The study reaches three core conclusions. First, nursing homes are more likely to discharge Medicaid patients (for whom they receive lower payments) when they are at or near capacity than when they are not. The financial incentives thus seem to influence provider behavior: Nursing homes discharge Medicaid patients to make room for better-paying private patients, unless they have enough room for both.

Second, earlier discharges of Medicaid patients when nursing homes are full don’t seem to harm the patients — in terms of mortality, rehospitalization or other measures. The implication is that many nursing-home stays are unnecessarily long, since earlier discharge doesn’t carry negative consequences and since Medicaid patients are held longer when other beds are available at the nursing home. (One could perhaps argue that the evidence just shows that nursing homes are properly discharging patients only when they’re ready, but the authors try to adjust for this possibility in various ways.
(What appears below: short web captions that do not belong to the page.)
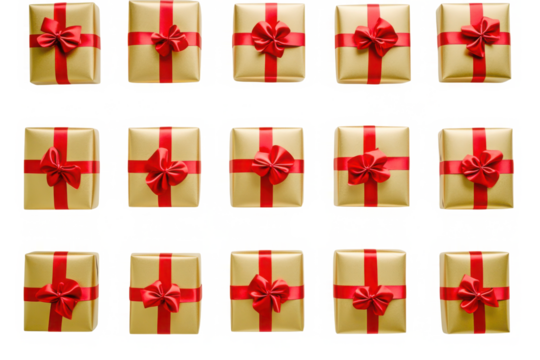 Collection of gold gift boxes with red ribbons arranged neatly on transparent background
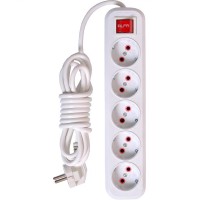 Подовжувач електричний з вимикачем на 5 розеток 3 м RLFR503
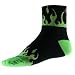 Sock Guy Green Flame Quarter Socks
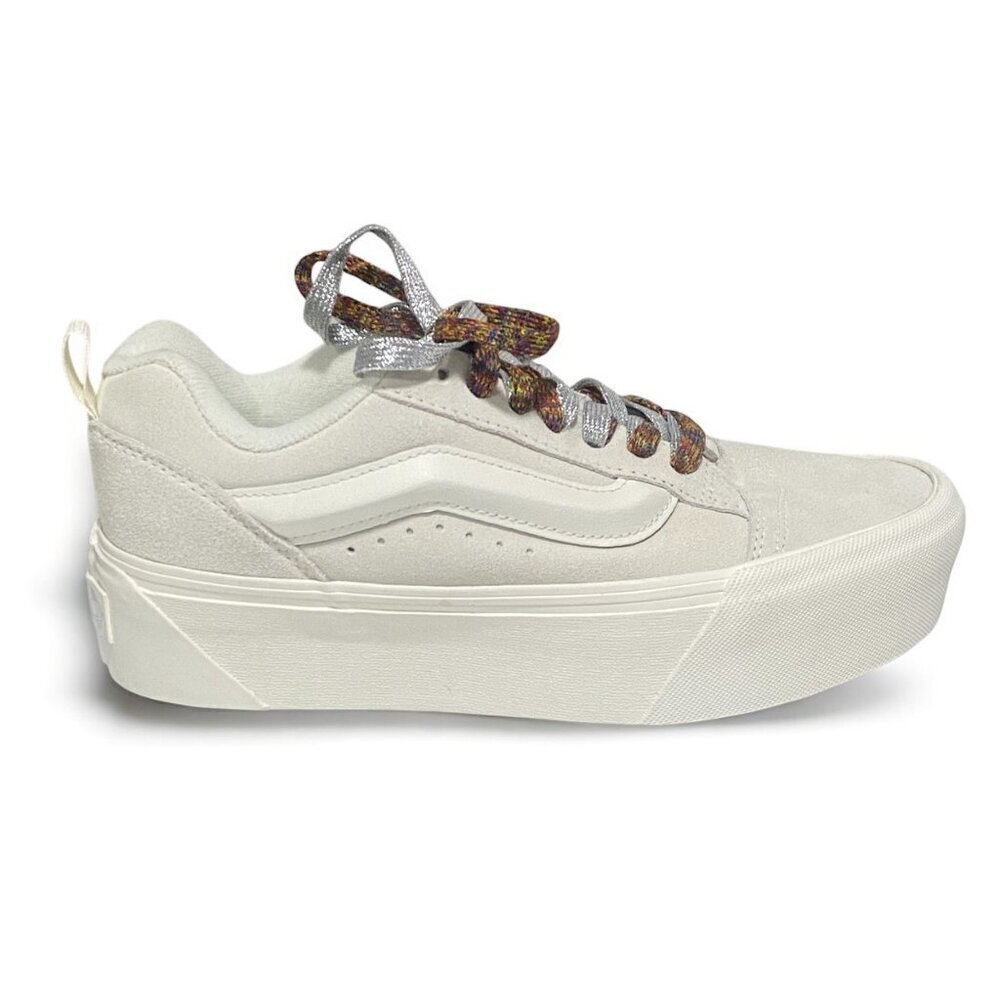 NEW Vans Knu Stack Suede 'White Multi-Color Laces'  Size 8
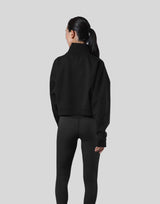 High Neck Cropped Sweat Shirt - Black
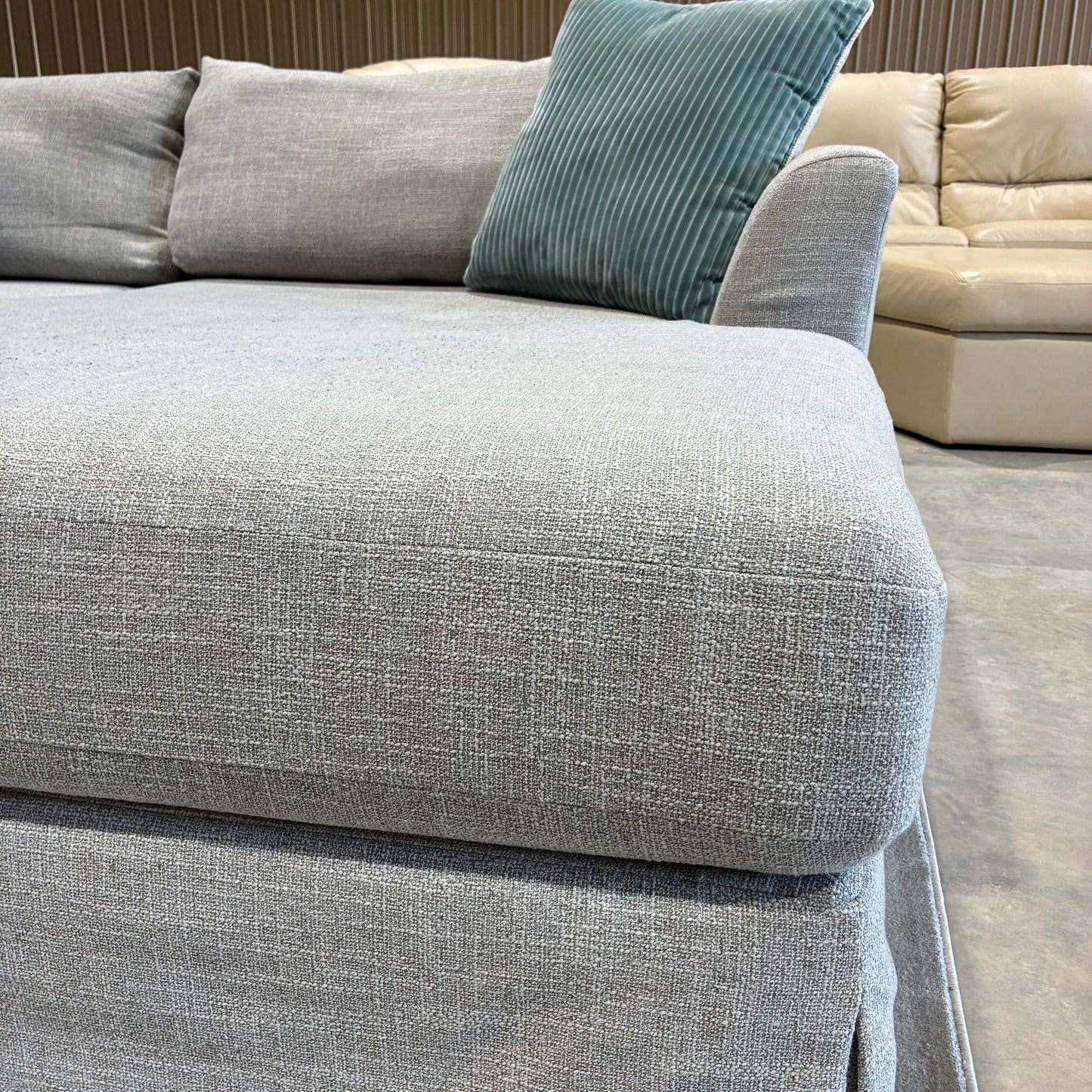 Light Gray Chaise Slipcover Chaise Sectional Sofa
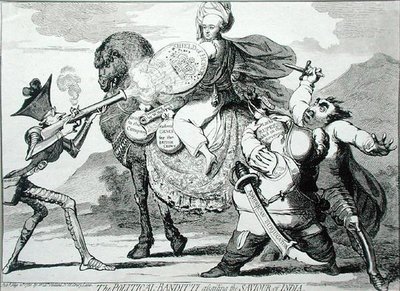 1786年にW.ホランドが出版した「インドの救世主を襲う政治的バンディッティ」（エッチング） 作： James Gillray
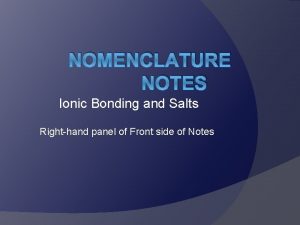 NOMENCLATURE NOTES Ionic Bonding and Salts Righthand panel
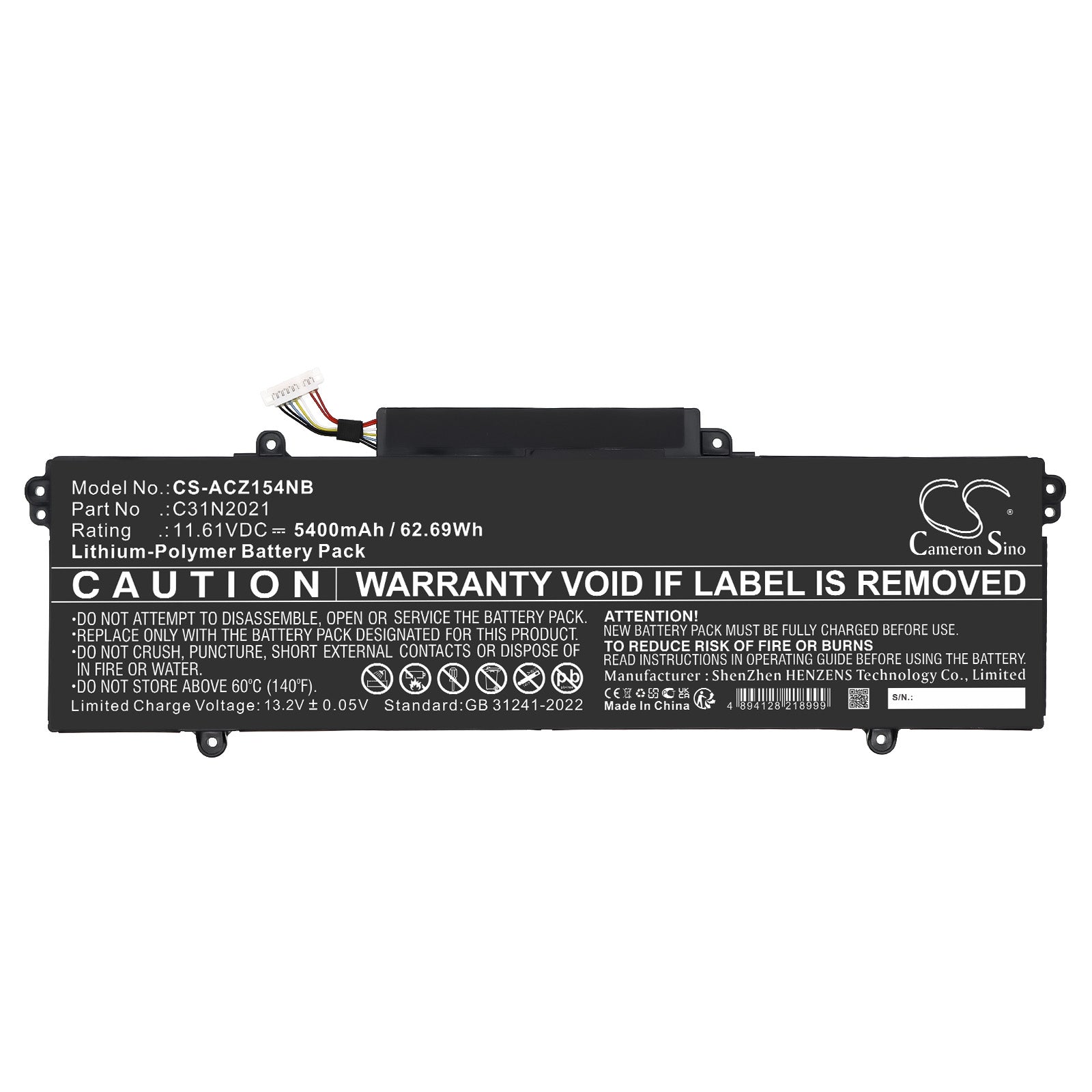 11.61V, Li-Polymer, 5400mAh, Battery fits Asus ZENBOOK 14X OLED UX5401EA-KN511TS, 62.69Wh Notebook, Laptop Cameron Sino Technology Limited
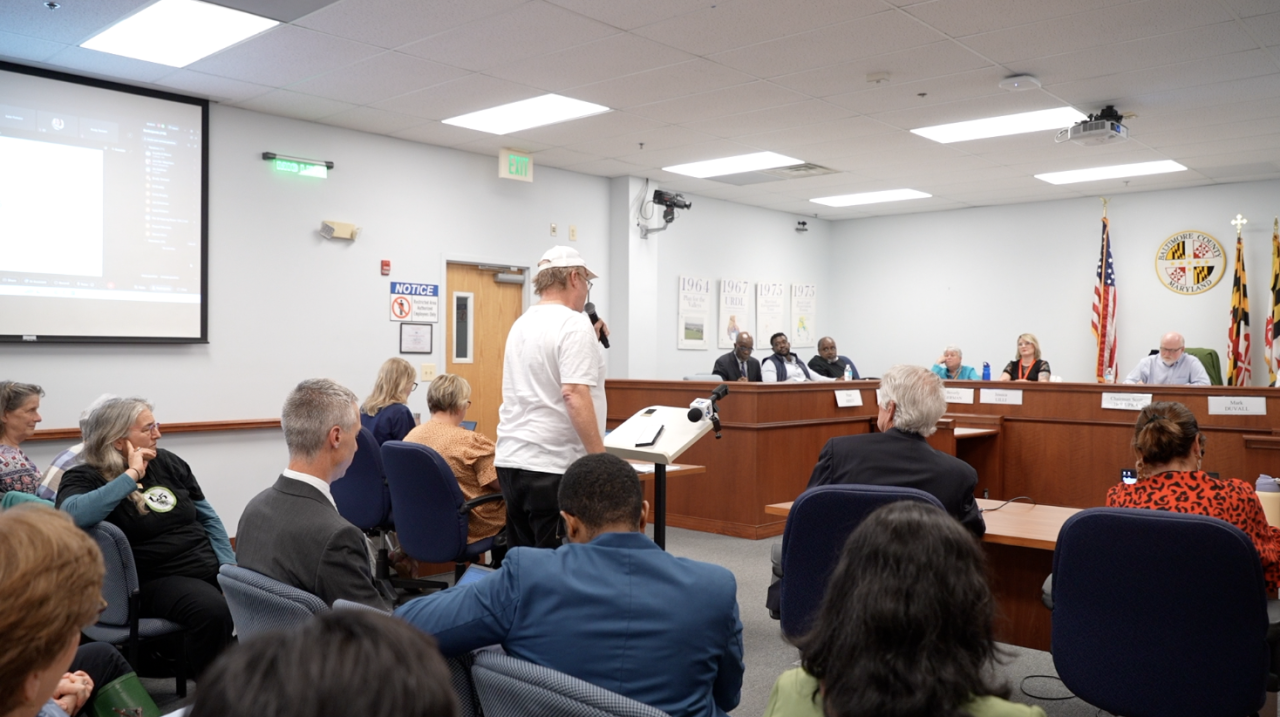 Neighbors speaking at the planning board meeting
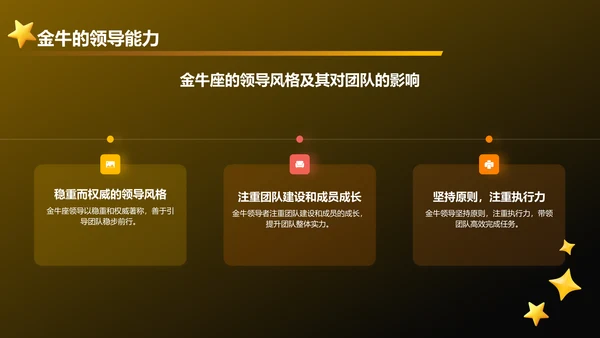 橙色3D风十二星座之金牛座通用PPT模板
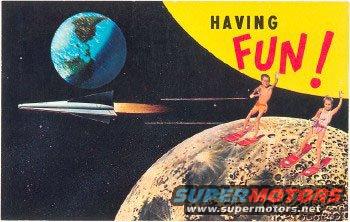 Illustration of children surfing on the moon with a rocket and Earth in the background, text reads "HAVING FUN!" and "SUPER MOTORS"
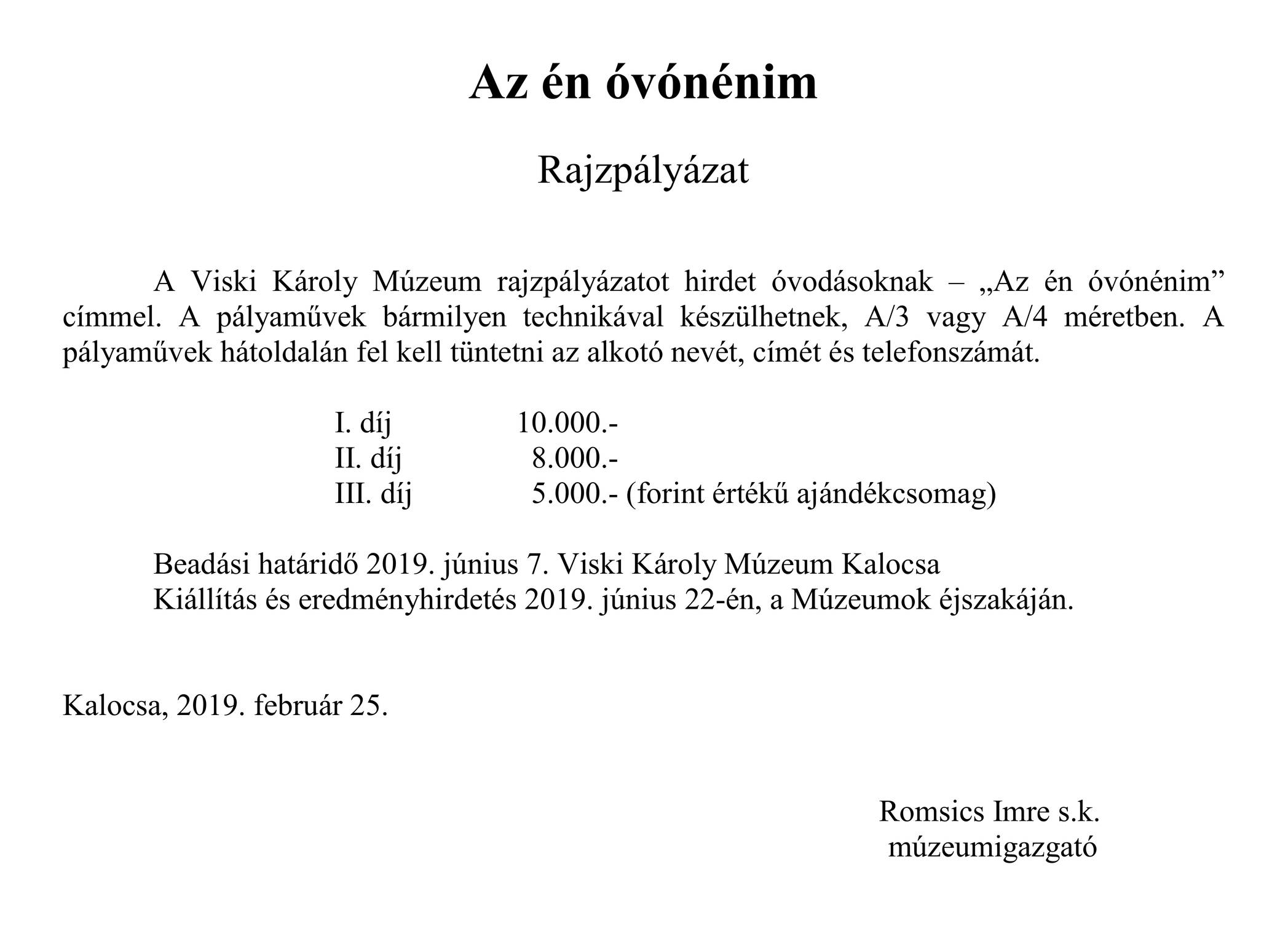 Óvodás rajzpályázat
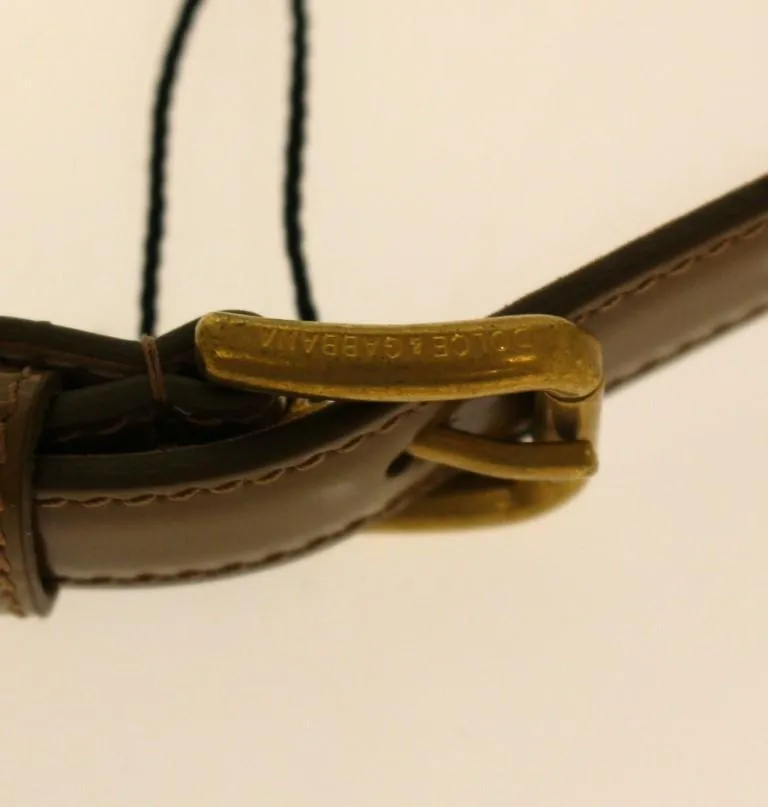 Brown Leather Logo Belt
Fundamentally, Medicaid patients are unlikely to become magically healthier just as other available beds in the facility disappear.)

Third, the authors extrapolate from their statistical analysis to assess changes in both provider incentives and consumer cost-sharing. In particular, they examine increasing costs for patients. They then compare the impact to a change in how the nursing homes are paid, moving partially away from the current structure of a payment per day (which encourages longer stays) and instead making part of the payment a lump sum per admission. As they conclude: “providers react more elastically to financial incentives than patients, so moving to episode-based provider reimbursement is more effective in shortening Medicaid stays than increasing resident cost-sharing.”